Er, I was reading the wrong backup filesize -- the actual size is 1.5GB. A big chunk of this is in parse caches, so I ran bin/cache purge --purge-all. I'm now doing the actual maintenance.

This host took 4m4s to dump and 9m36s to restore. Utilization is now 21% (6.1G).

I'm beginning this on db001 now. The high volume utilization shouldn't be an issue since the ultimate process doesn't involve doing anything in place.

On db001:

  • I destroyed all out-of-service test instances on the host.
  • I destroyed one unusually large out-of-service "test" instance.
  • This left us 67% utilized (40GB) with a 1.3GB compressed backup.
  • I disabled network traffic.
  • I dumped the databases, which took 35m44s (???).
  • I wiped the data and enabled per-file tables.
  • I'm currently reloading the databases, but I expect that to take a while.
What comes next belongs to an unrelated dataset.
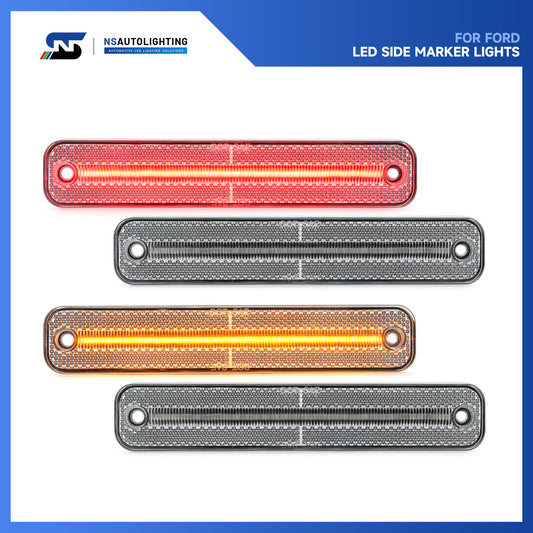 Clear Lens LED Front&Rear Side Marker Lights For 1973-1979 Ford F-Series, etc. - NS Auto Lighting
I've started preparing db002 in the meantime:

  • The huge increase in dump/restore time for db001 vs secure001 seems to be primarily related to the number of databases/tables/rows, not the total data size. I'll attempt to mitigate this for the remaining shards.
  • On db002, I was significantly more aggressive in destroying suspended and disabled instances (primarily, I attempted to destroy "test" instances).
  • For "up" instances, I purged all caches.
  • db001 compressed much better than admin001 or secure001 and overshot volume free space on restore. I've cleared space and restarted the restore.
  • db002 is starting at 31% utilized (19GB) with a 3GB compressed backup (a significant portion of this is unmigrated file data, though, which I expect to dump and restore relatively quickly).
  • I disabled network on db002 and am dumping the data.
  • The db002 dump completed in 7m31s, which is much more promising.
  • I wiped the data and enabled per-file tables.
  • I'm currently reloading the databases.
  • The db002 load completed in a relatively reasonable 17m50s.
  • Utilization is now 18% (11G). A sizable chunk of this is removable at some future date.
  • I'm in the process of preparing db003.
  • The db001 load is ongoing.
  • db003 has 31% utilization (19G) with a 250MB total compressed backup size.
  • Reassuringly, dump time was 1m49s.
  • Load time was 6m32s.
  • db003 is now 8% utilized (4.3G).
  • I'm prepping db004.
  • db001 is still loading.
  • I destroyed out-of-service instances on db004.
  • I disabled and destroyed two very large "test" instances which were still technically in service but had one user, no activity, and were long overdue on billing (just not >120 days overdue yet, so they hadn't triggered automatic suspension). One of them had some extra information which strongly suggested it was a "test" instance. If this was in error, they can be restored from backups later.
  • This leaves db004 59% utilized (35G) with a 1.1GB compressed backup size.
  • db004 dumped in 3m32s.
  • db004 is now loading.
  • I'm preparing db005.
  • db001 is still loading.
  • db004 loaded in 14m18s and is now 11% utilized (6.2G).
  • db005 is 77% utilized (46G) with a 250MB compressed backup.
  • db005 dumped in about 1m30s.
  • db005 loaded in 8m22s.
  • db005 is now 8% utilized (4.7GB).
  • db001 is still loading, and I think I pretty much just have to wait it out. Major issue is one enormous, disabled "test" instance but there's no easy way to skip it.

db001 is still loading. It's through the particularly slow instance and I expect it to finish in the relatively near future.

Service on db001 has been restored, although there's a backlog of backups + daemons that are slamming it so it won't be very responsive until those drain.

I purged dead instances on db001 more aggressively, leaving us with this result:

HostBeforeAfterReclaimedDowntime
Support
admin00146%4%91%15m
secure00152%21%60%15m
Shards
db00167%19%72% 9 HOURS
db00231%18%42%30m
db00331%8%74%15m
db00459%11%82%15m
db00577%8%90%15m

So everything basically went fine, except db001 was a horrible disaster.

The good news is that this is now fixed forever and we never have to deal with it again.

I've issued all instances a 72-hour credit for this disruption.